Art Toronto Introduces Discover Section

Installation view of Art Toronto, 2022. Courtesy Art Toronto.

Canada's largest and oldest international art fair returns to the Metro Toronto Convention Centre from 26 to 29 October.

In all, 110 Galleries will participate in Art Toronto, an increase from the 91 that took part last year. That includes newcomers to the fair such as local gallery Bonny Poon /Conditions, Chicago gallery Andrew Rafacz, and Paris-based Nil Gallery.

Returning regulars include Vancouver's Catriona Jeffries, Cooper Cole from Toronto, Pangée from Montreal, and The National Gallery of Canada in Ottawa.

'Over the past year, we concentrated on expanding our network with world-class museums and galleries to bring their programmes to Toronto,' said Art Toronto's director Mia Nielsen.

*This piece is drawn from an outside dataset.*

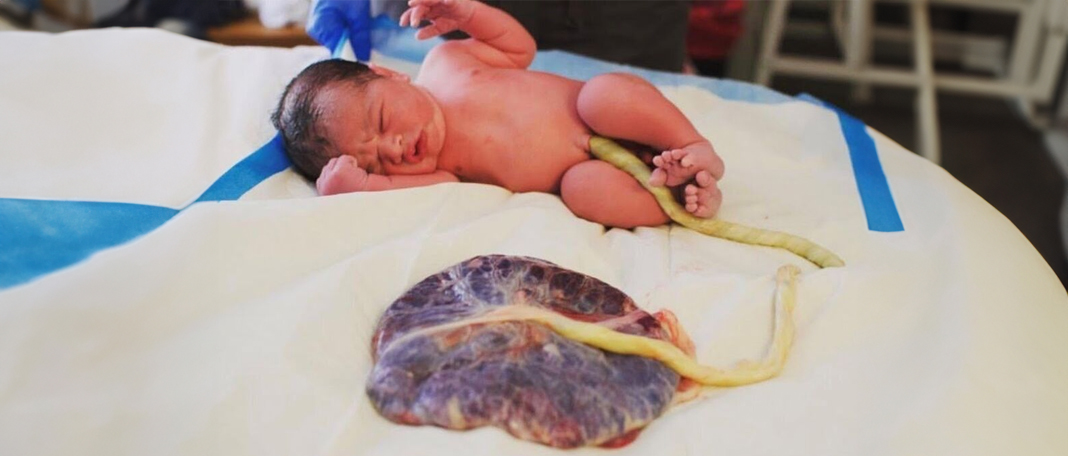 Lotus Birth: How It Works, Benefits, Risks, and Other Considerations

The fair has added a new Discover section dedicated to presenting emerging Canadian artists and championing the galleries that support them.

The section replaces the fair's 'Next Space' section, which was introduced in 2022 and offered free exhibition space to any gallery or collective in their first two years of operation.

Eight galleries from across Canada have been selected for the fair's inaugural Discover programme.

They include Fazakas Gallery, Macaulay & Co. Fine Art, and Unit 17 from Vancouver, and Montréal galleries, McBride Contemporain and Galerie Nicolas Robert.

Also taking part in Discover are Katzman Art Projects from Halifax; Lalani Jennings Contemporary Art from Guelph; and Buffalo-based Rivalry Projects, who will exhibit works by Brendan George Ko, David Hilliard and Hannah Secord Wade.

Art Toronto's programme is led by Canadian curator Kitty Scott, who will present the fair's Focus Exhibition, titled Good Foot Forward. Scott has curated Canada's Pavilion for the 57th Venice Biennale in 2017, co-curated the Liverpool Biennale in 2018, and served as chief curator at the National Gallery of Canada.

The exhibition will feature artworks by 15 artists that explore issues of sovereignty, healing, the politics of real estate, and contradictions of contemporary life.

At the entrance to the Focus section will be First Nation artist Duane Linklater's precarious sculpture I want to forget the english language (ulterior) (2020/2023). The work is a stack of objects: a museum dolly, tipi poles, Tupperware, a stone.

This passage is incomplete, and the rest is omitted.